**Web page caption snippets:**
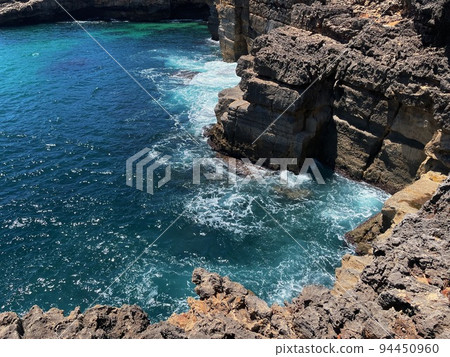 The view on ocean and coast	 94450960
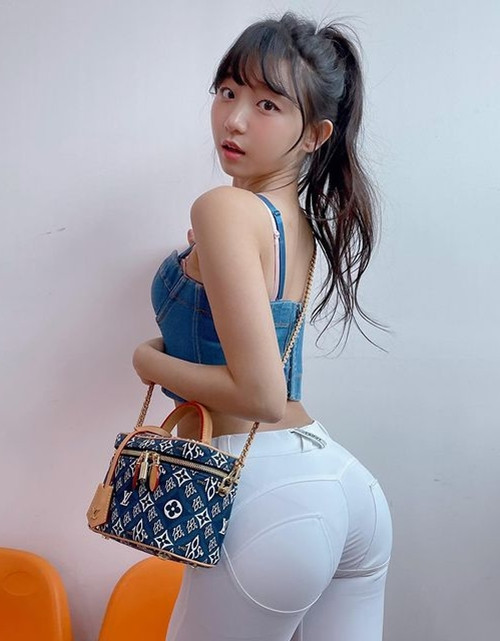 Mức độ nổi tiếng của Eunji Pyo được đánh giá rất cao, cô nàng thường xuyên được mời xuất hiện trên tạp chí đình đám ở Hàn và được ca ngợi là "quá gợi cảm".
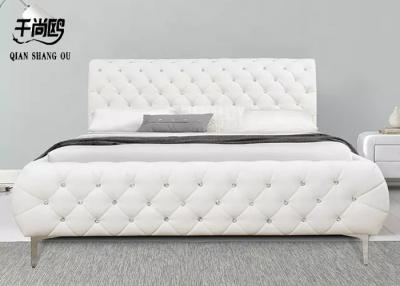 China Hotel High End Upholstered Beds , King Size Crystal Button Bed for sale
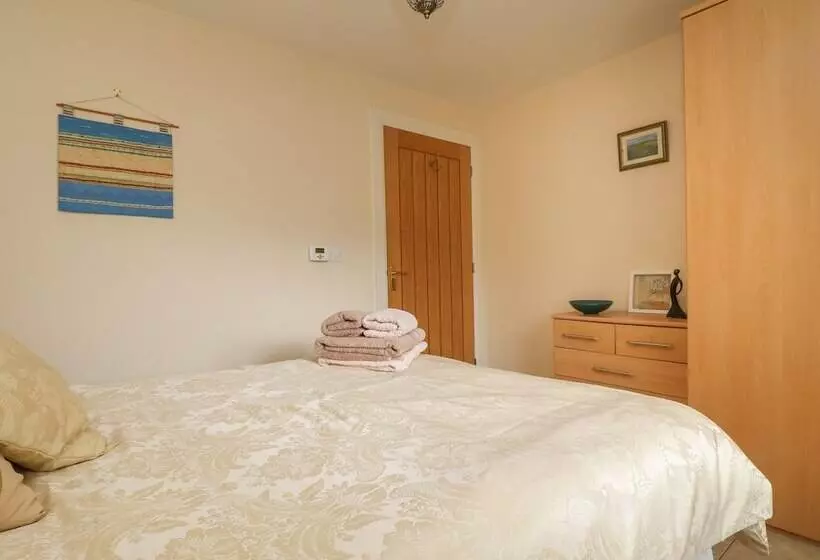 Suntrap Hideaway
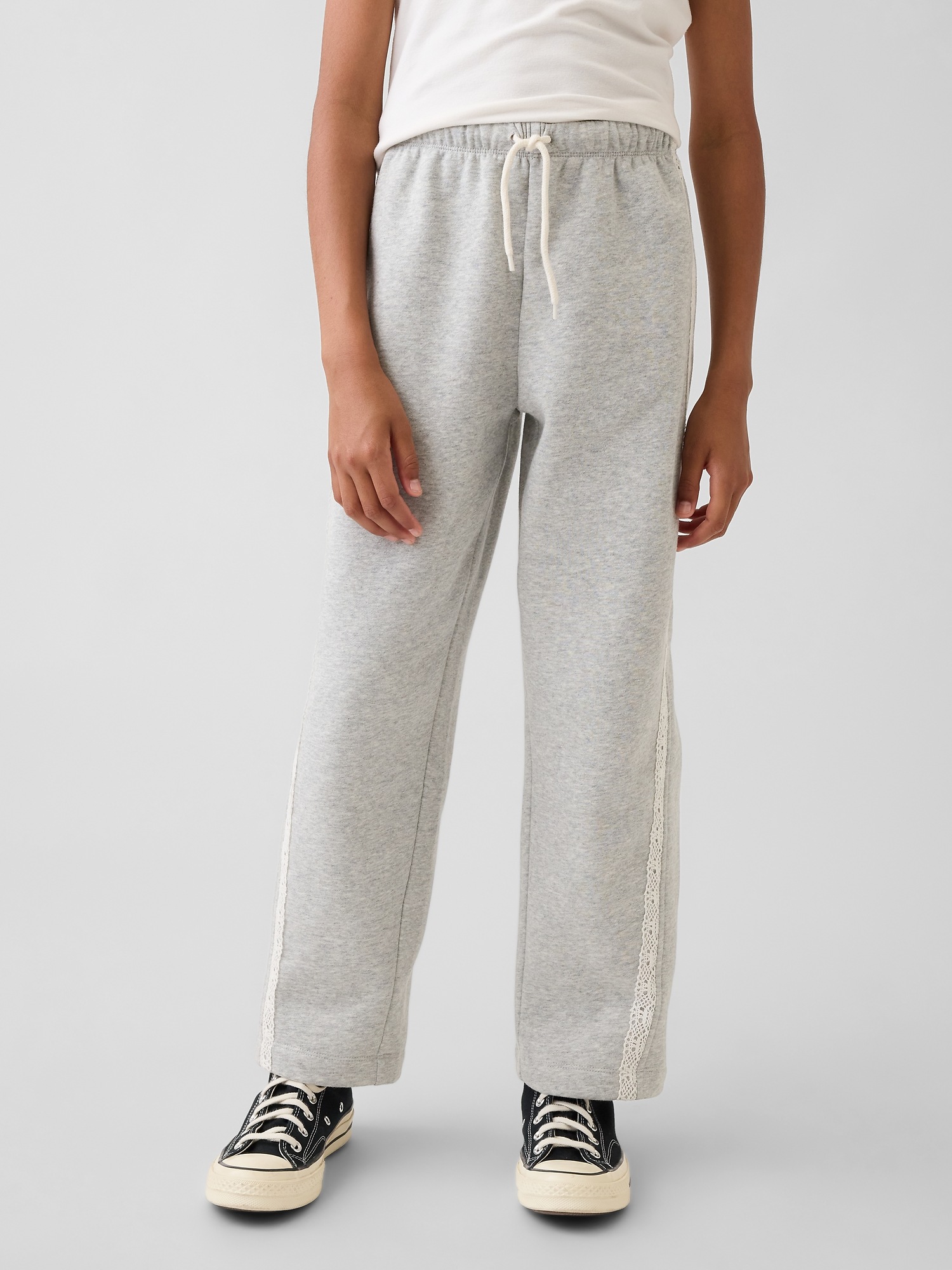 Детские джоггеры Gap VintageSoft Relaxed с кружевом — фото 3
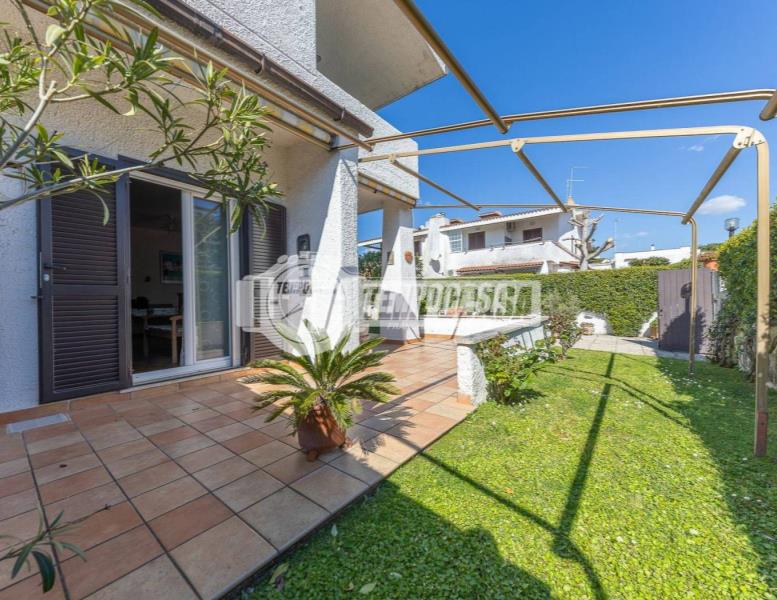casa indipendente in vendita a Cerveteri in zona Cerenova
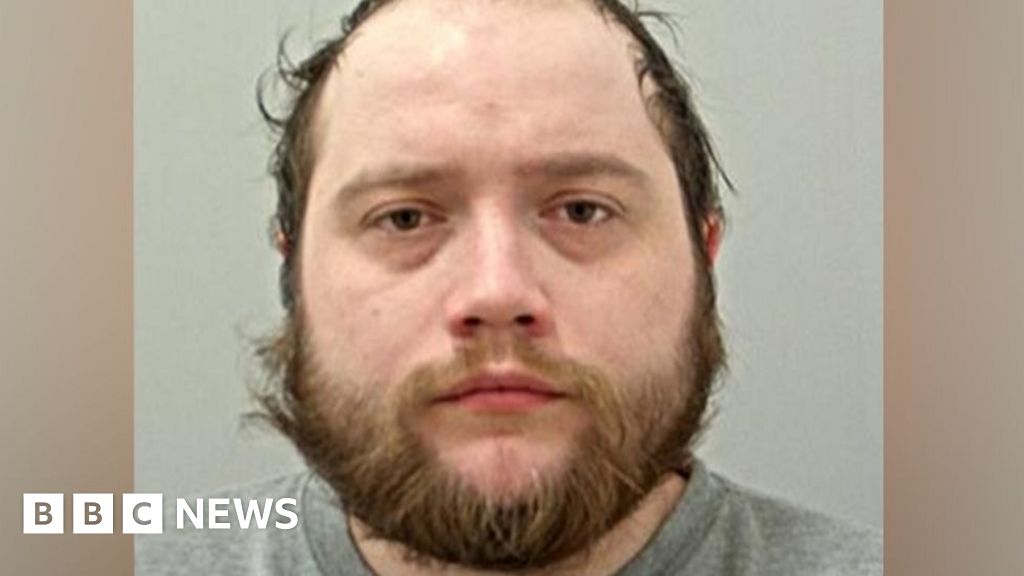 Burnley Man who shook baby boy causing brain bleeds jailed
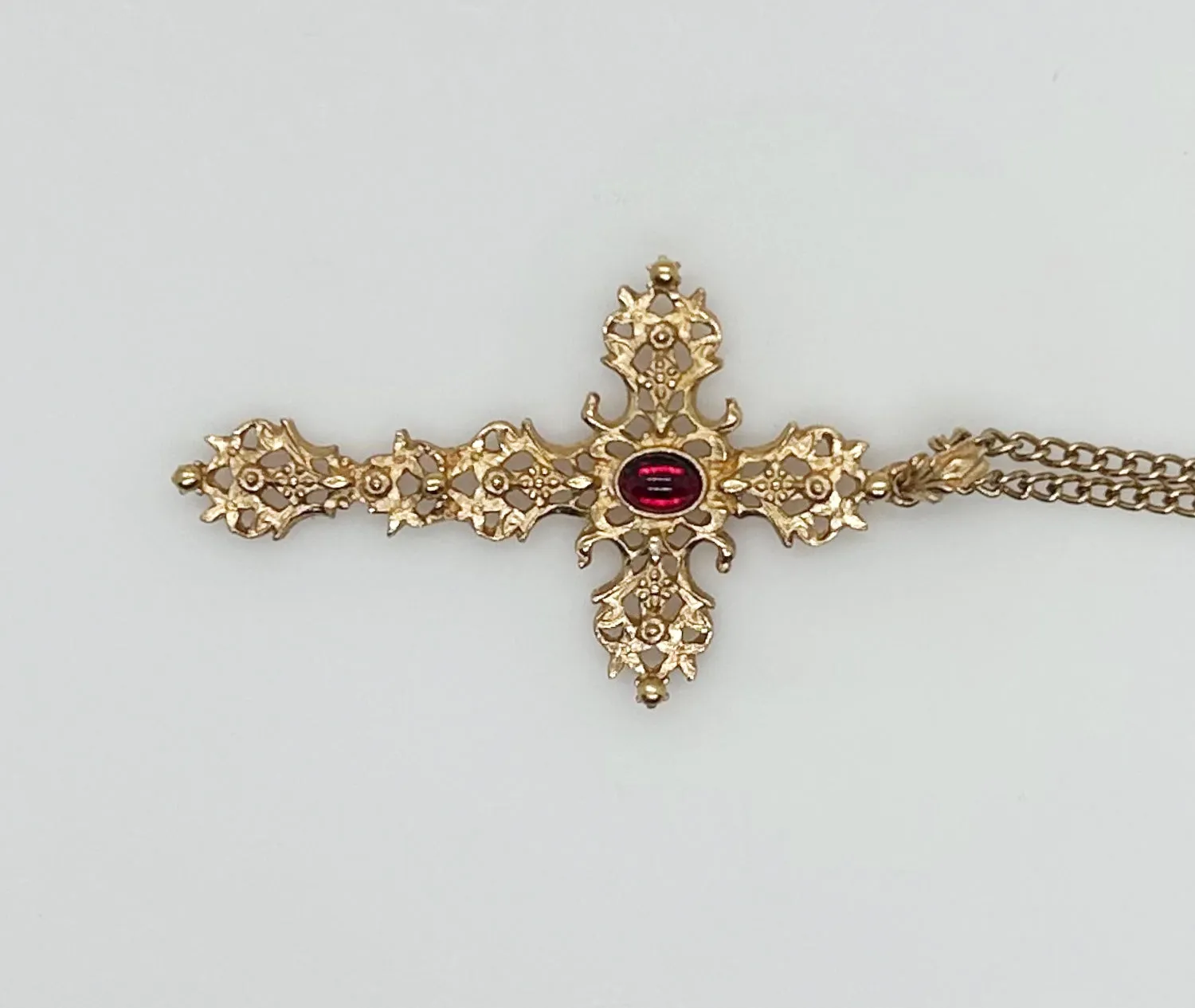 Avon Vintage Red Abbey Cross Red Pendant Necklace (1975)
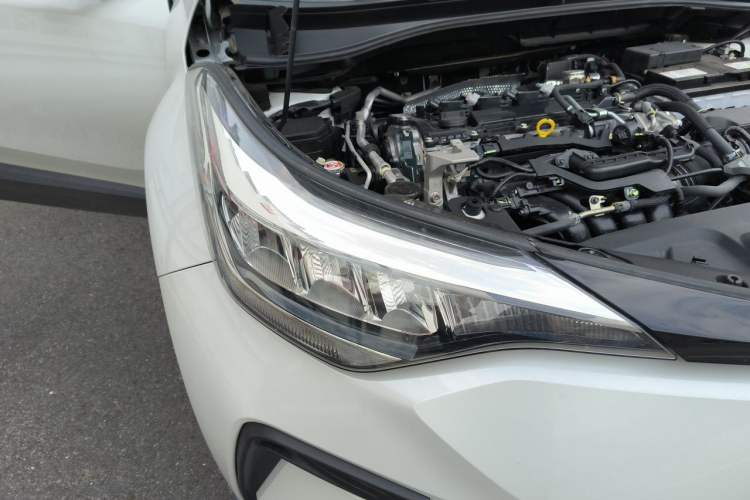 Used Toyota IZOA 2023 2.0L YiXiang CARE Edition Right Front Headlight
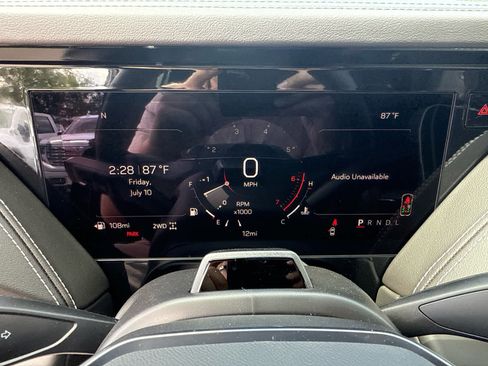New 2026 GMC Yukon AT4 Ultimate AWD/4WD image 16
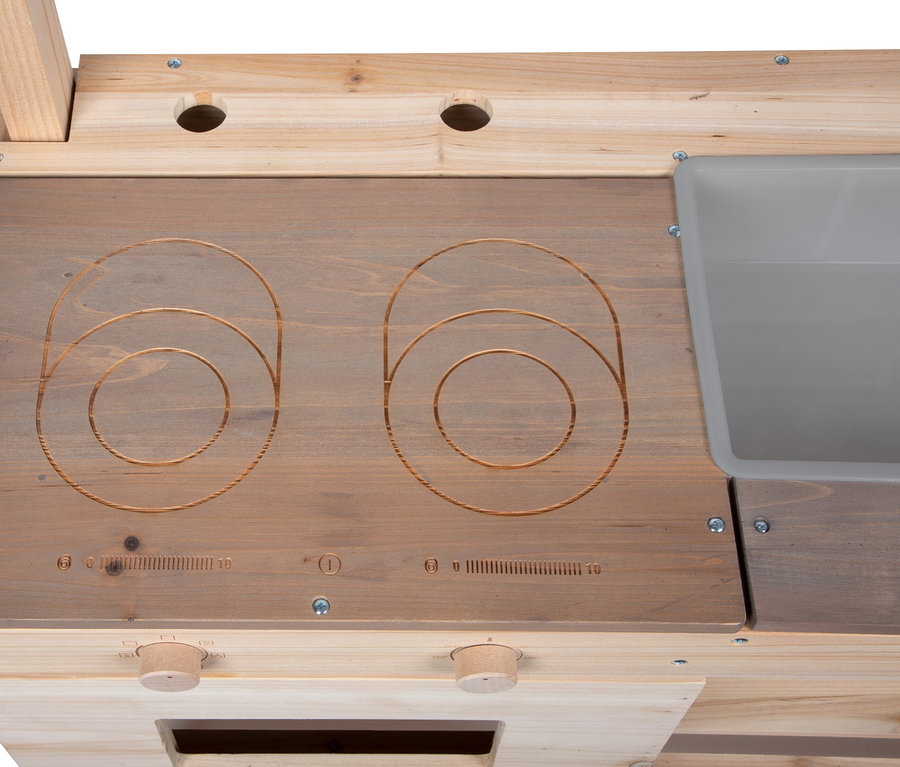 Detailansicht der small foot Matschküche und Kaufladen mit Kochplatten, Spüle und Reglern.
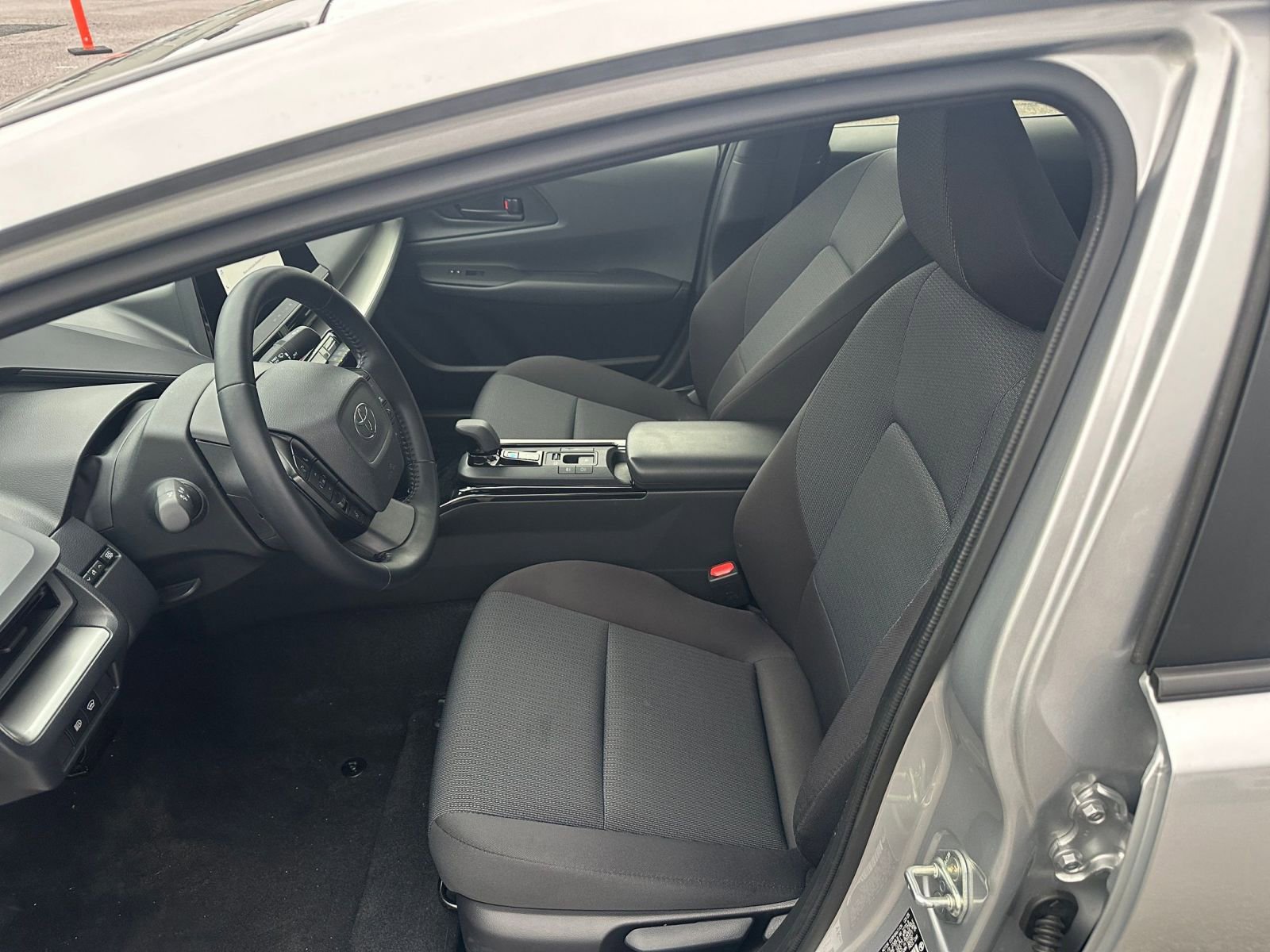 Thumbnail: 2025 Toyota Prius - 24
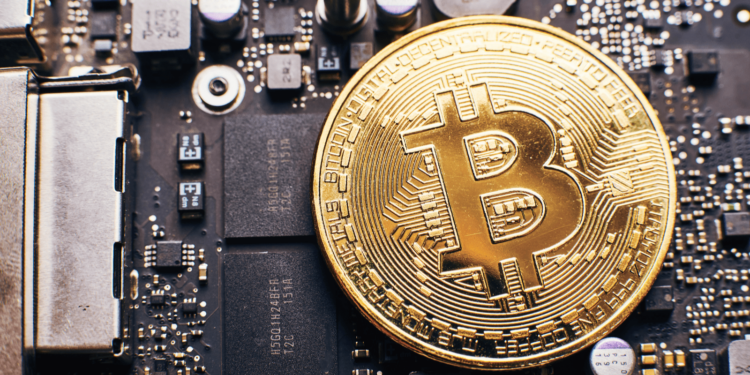 Nueva IA china DeepSeek causa caída de Bitcoin a 98,000 dólares y desplome del Nasdaq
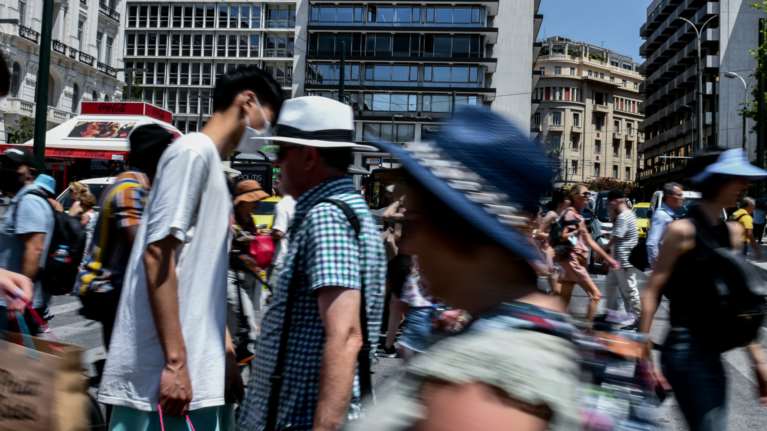 Δεν τρομάζουν οι ειδικοί με τις 25.000 κρούσματα - Γιατί δεν εισηγούνται να γίνουν πάλι υποχρεωτικές οι μάσκες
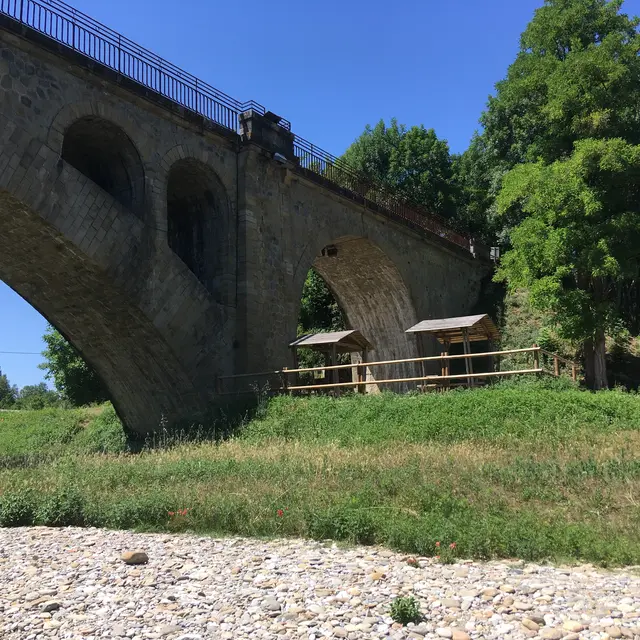 Aire de pique-nique à Camon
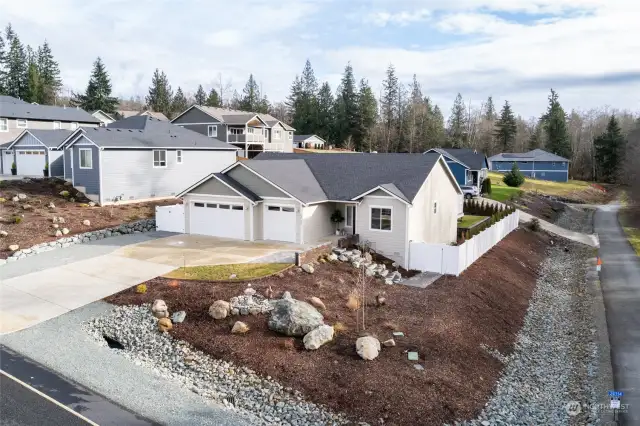 Newer single story Nookachamp Hills area home boasts a sleek design with clean lines and a bold presence! Large professionally landscaped lot is fully fenced with new vinyl fencing for low maintenance.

**Directions:** Leave out the pictures and output the rest of the records exactly.

**Solution to this exercise:**
 The view on ocean and coast	 94450960
 Mức độ nổi tiếng của Eunji Pyo được đánh giá rất cao, cô nàng thường xuyên được mời xuất hiện trên tạp chí đình đám ở Hàn và được ca ngợi là "quá gợi cảm".
 China Hotel High End Upholstered Beds , King Size Crystal Button Bed for sale
 Suntrap Hideaway
 Детские джоггеры Gap VintageSoft Relaxed с кружевом — фото 3
casa indipendente in vendita a Cerveteri in zona Cerenova
 Burnley Man who shook baby boy causing brain bleeds jailed
 Avon Vintage Red Abbey Cross Red Pendant Necklace (1975)
 Used Toyota IZOA 2023 2.0L YiXiang CARE Edition Right Front Headlight
New 2026 GMC Yukon AT4 Ultimate AWD/4WD image 16
 Detailansicht der small foot Matschküche und Kaufladen mit Kochplatten, Spüle und Reglern.
 Thumbnail: 2025 Toyota Prius - 24
 Nueva IA china DeepSeek causa caída de Bitcoin a 98,000 dólares y desplome del Nasdaq
 Δεν τρομάζουν οι ειδικοί με τις 25.000 κρούσματα - Γιατί δεν εισηγούνται να γίνουν πάλι υποχρεωτικές οι μάσκες
 Aire de pique-nique à Camon
 Newer single story Nookachamp Hills area home boasts a sleek design with clean lines and a bold presence! Large professionally landscaped lot is fully fenced with new vinyl fencing for low maintenance.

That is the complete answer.